Significant hematological abnormalities occur in 10-24% of patients who take methotrexate. Mild to moderate leukopenia is the most frequent, followed by thrombocytopenia. Isolated thrombocytopenia and anemia are uncommon (SEDA-22, 416) (36). In a retrospective study in 315 patients, 13 had thrombocytopenia, two of whom also had pancytopenia (37). Thrombocytopenia correlated with the weekly dosage of methotrexate administered on the same day as NSAIDs, and methotrexate was safely reintroduced in patients who developed thrombocytopenia as a result of concomitant administration of... 

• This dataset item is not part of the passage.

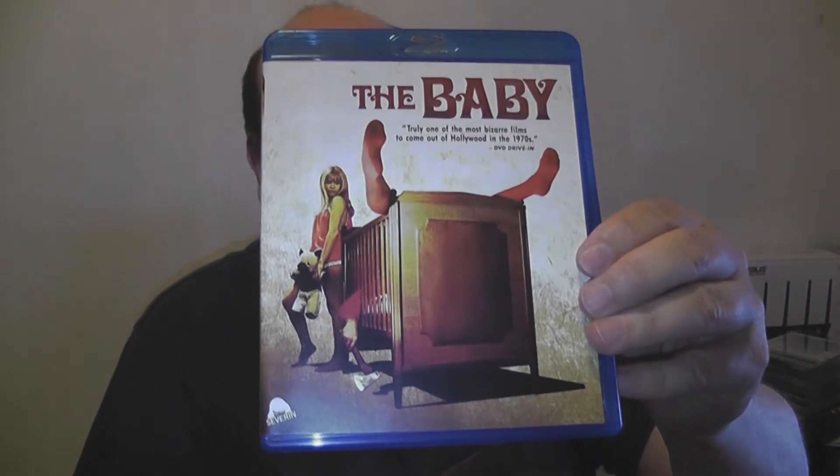It is pressed, which is to be expected from this company. Nothing much going on here, unfortunately. I was expecting a little bit more from this release, but there you go — The Baby on Blu-ray from Severin, unboxed.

Pancytopenia is a rare but potentially fatal complication, and numerous reports have been published. The characteristics and incidence of pancytopenia have been carefully re-evaluated from case reports and clinical trials published from 1980 to 1995 (38). Of 70 reported cases, 12 patients died (17%). Impaired renal function was the most important contributing factor (54%), particularly in fatal cases (10/12). Other important susceptibility factors included advanced age (over 65 years), hypoalbuminemia, concurrent infection, and/or concomitant multiple medications (particularly co-trimoxazole). The mean cumulative dosage was 675 (10-4800) mg, and the minimal cumulative methotrexate dose leading to fatal pancytopenia was 10 mg. This confirms that pancytopenia can occur at any time during treatment, even in the absence of known susceptibility factors. Bone marrow biopsy showed megaloblastosis and hypocellularity. Eosinophilia and increased mean corpuscular volume were rarely observed. In an overall review of five long-term prospective studies (511 patients), the calculated incidence of methotrexate-induced pancytopenia was 1.4%. Although severe myelo-suppression sometimes required folinic acid, there are as yet no data to determine whether prophylactic folate supplementation can reduce the incidence of pancytopenia.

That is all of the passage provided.